Arama yapmak için lütfen yukarıdaki kutulardan birine aramak istediğiniz terimi girin.

Eski Vakıf Hukukunda
 Vakfiyeden Doğan Sükna Hakkı 
Üzerinde Bir İnceleme

M. Serhat YENER

Vakıflarda sükna hakkı ile ilgili mevzuat ve doktrinde açık bir tanım olmamakla birlikte eski vakıf hukukunda sükna hakkı, vakıf taşınmazda vakfiye şartı gereğince ilgilisine oturma hakkı veren, 5737 sayılı Vakıflar Kanunun 3’üncü maddesinde tanımlanan “intifa hakkı” kapsamında bir hak olarak tanımlanabilir.

Vakıflarda Sükna Hakkı, Vakfiye Şartı, İntifa Hakkı, Şart Tebdili, Vakıflar Meclisi Kararı .

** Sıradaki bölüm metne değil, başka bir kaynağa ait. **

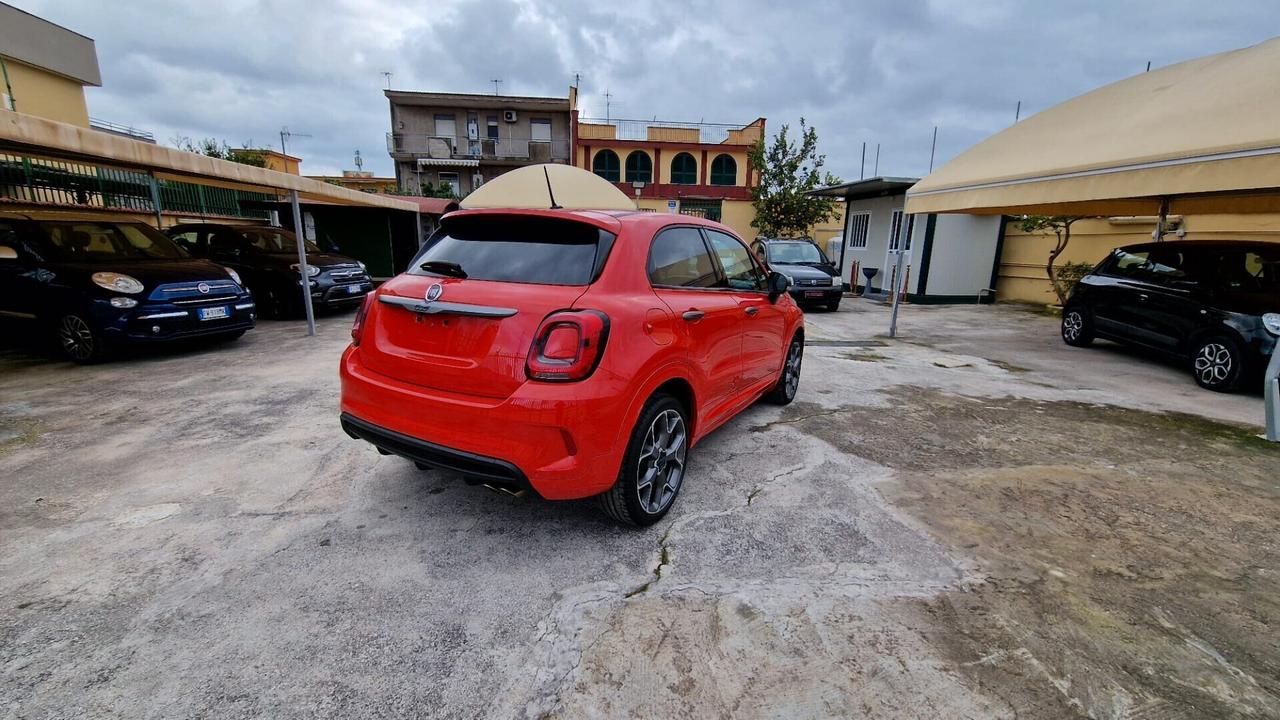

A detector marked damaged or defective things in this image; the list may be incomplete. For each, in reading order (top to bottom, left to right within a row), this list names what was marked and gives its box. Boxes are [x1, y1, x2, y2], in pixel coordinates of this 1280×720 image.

cracked concrete ground [2, 300, 1280, 716]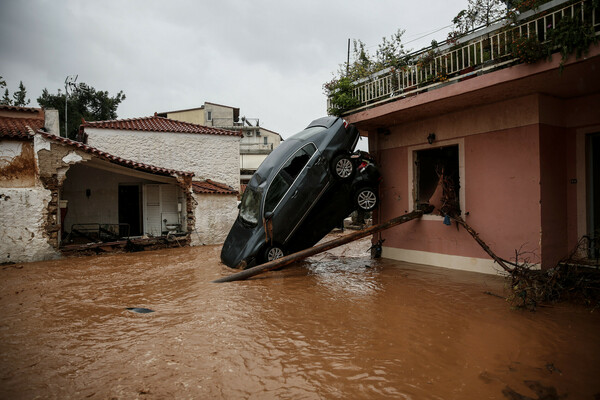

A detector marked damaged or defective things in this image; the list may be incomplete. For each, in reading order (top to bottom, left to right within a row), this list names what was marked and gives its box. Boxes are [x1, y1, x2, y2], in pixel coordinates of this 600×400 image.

overturned dark car [220, 117, 380, 270]
broken window [414, 145, 462, 216]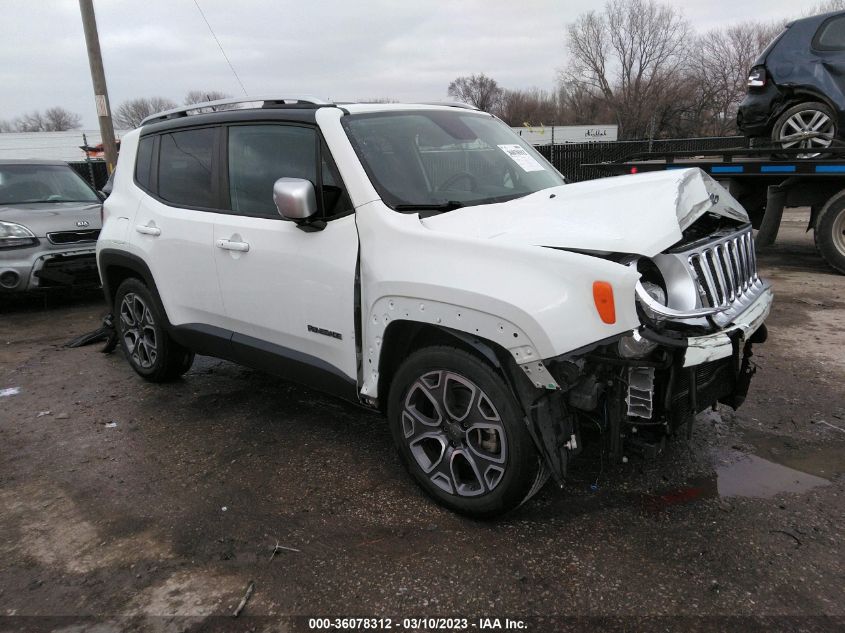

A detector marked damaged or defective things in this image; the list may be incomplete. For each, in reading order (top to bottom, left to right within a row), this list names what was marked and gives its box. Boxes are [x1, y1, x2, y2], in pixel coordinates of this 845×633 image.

crumpled hood [0, 202, 101, 237]
crumpled hood [420, 168, 744, 260]
damaged rear vehicle [95, 97, 768, 512]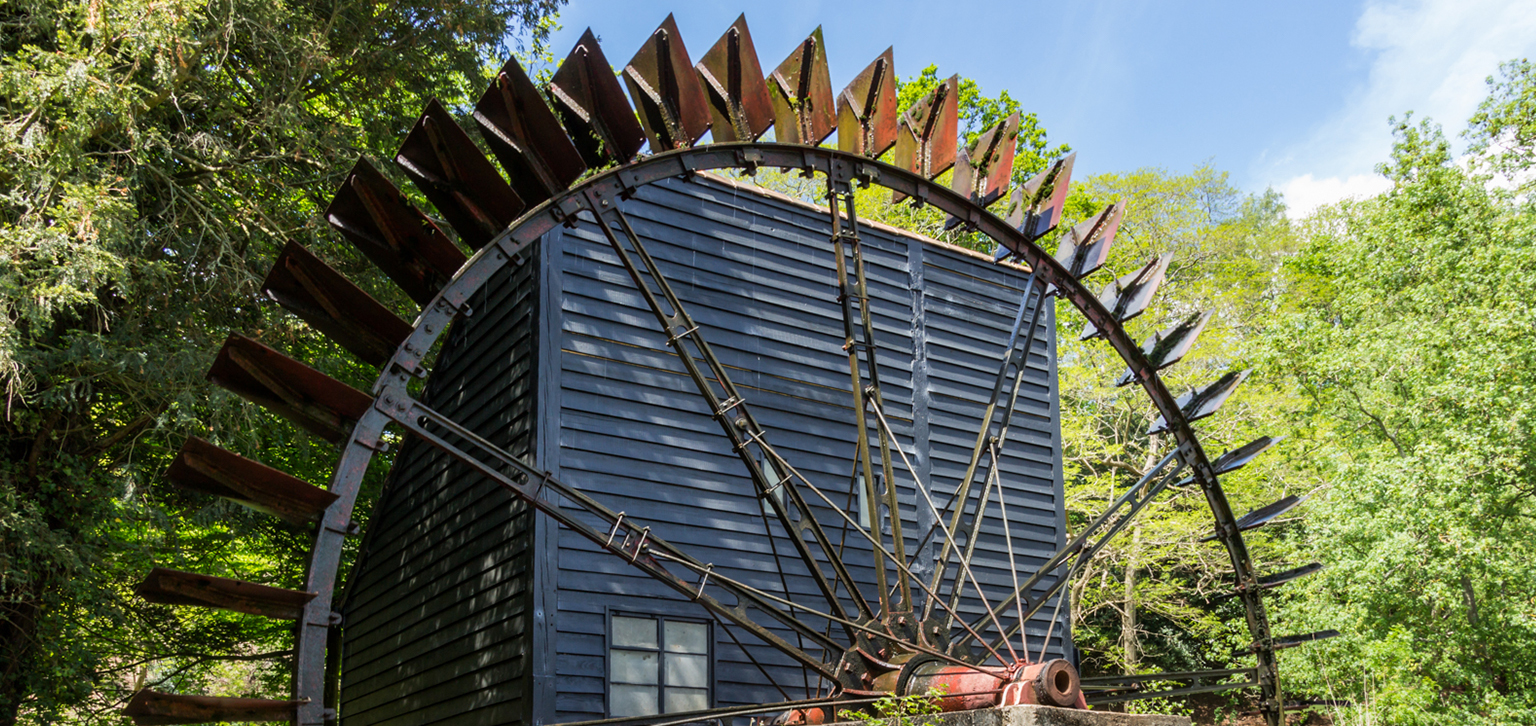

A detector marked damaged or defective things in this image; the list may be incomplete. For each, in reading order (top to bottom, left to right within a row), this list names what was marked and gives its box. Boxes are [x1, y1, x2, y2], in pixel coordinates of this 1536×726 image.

rusty metal blade [396, 99, 528, 250]
rusty metal blade [472, 53, 584, 208]
rusty metal blade [552, 27, 648, 166]
rusty metal blade [620, 14, 712, 152]
weathered rust [696, 14, 776, 144]
rusty metal blade [700, 14, 776, 144]
rusty metal blade [776, 26, 832, 145]
rusty metal blade [840, 47, 900, 159]
rusty metal blade [896, 74, 952, 199]
rusty metal blade [206, 336, 374, 444]
rusty metal blade [260, 243, 412, 370]
rusty metal blade [326, 159, 464, 308]
rusty metal blade [1048, 205, 1120, 284]
rusty metal blade [1080, 253, 1176, 342]
rusty metal blade [1120, 310, 1216, 386]
rusty metal blade [1152, 366, 1248, 436]
rusty metal blade [168, 436, 336, 528]
rusty metal blade [1200, 498, 1312, 544]
rusty metal blade [135, 568, 318, 620]
rusty metal blade [1264, 628, 1336, 652]
rusty metal blade [124, 692, 304, 724]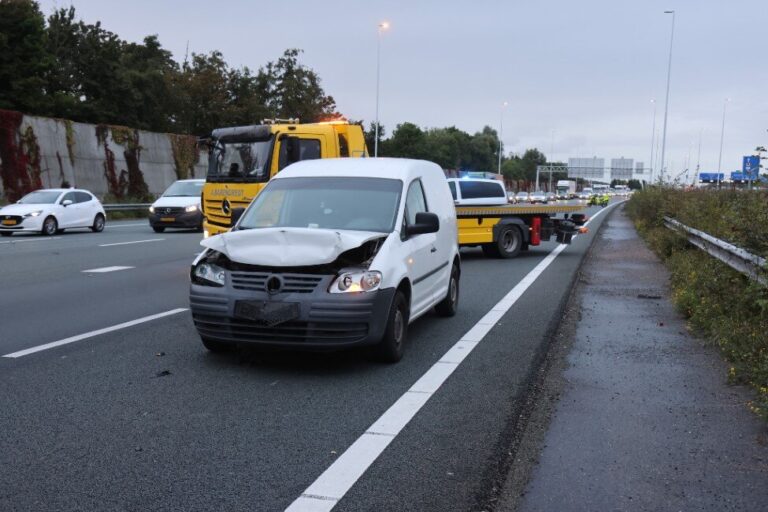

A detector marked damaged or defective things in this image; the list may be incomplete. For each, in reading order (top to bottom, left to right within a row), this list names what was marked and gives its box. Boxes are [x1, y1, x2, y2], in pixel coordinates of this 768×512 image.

crumpled hood [201, 229, 388, 268]
white damaged van [189, 158, 460, 362]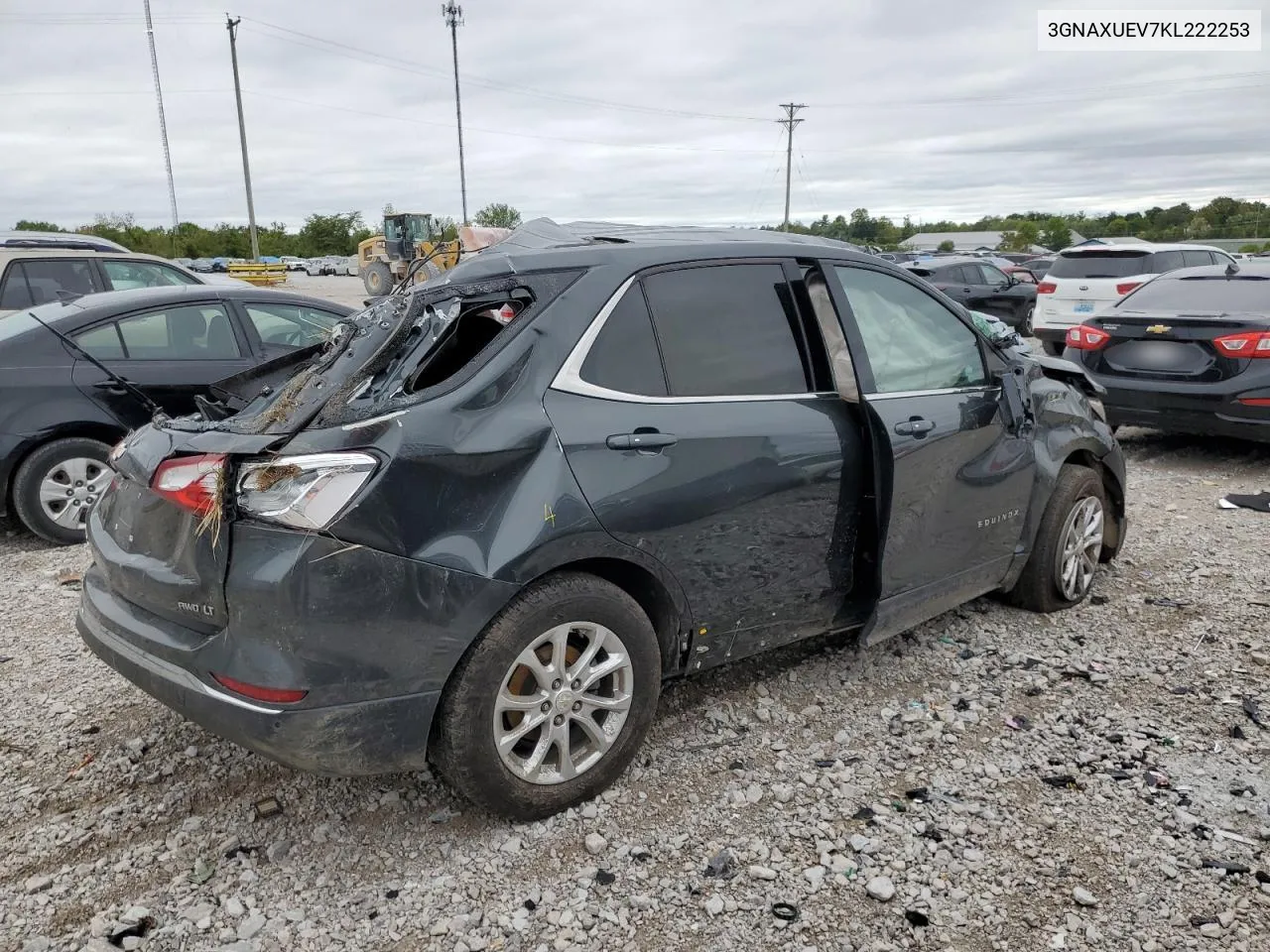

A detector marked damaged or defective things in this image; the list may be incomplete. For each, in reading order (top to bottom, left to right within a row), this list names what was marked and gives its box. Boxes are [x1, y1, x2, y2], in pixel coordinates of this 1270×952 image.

damaged gray suv [79, 222, 1127, 822]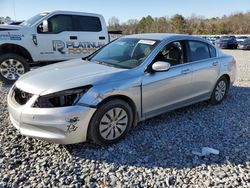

I. ESKİ VAKIF HUKUKUNDA SÜKNA HAKKI TANIMI VE BUGÜNKÜ HUKUK SİSTEMİMİZDE İLGİLİ MEVZUATA GÖRE BU HAKKIN KULLANIMI İÇİN MAHKEME KARARIYLA TESPİT

Gerek Medeni Kanunun yürürlüğüne dair kanun gerek Vakıflar Kanunu eski hukuk zamanında tesis edilen hakların tanınacağına dair düzenlemeler getirmiştir.

Vakıflarda sükna hakkı ile ilgili mevzuat ve doktrinde açık bir tanım olmamakla birlikte eski vakıf hukukunda sükna hakkı, vakıf taşınmazda vakfiye şartı gereğince ilgilisine oturma hakkı veren, 5737 sayılı Vakıflar Kanunun 3’üncü maddesinde tanımlanan “intifa hakkı” kapsamında bir hak olarak tanımlanabilir.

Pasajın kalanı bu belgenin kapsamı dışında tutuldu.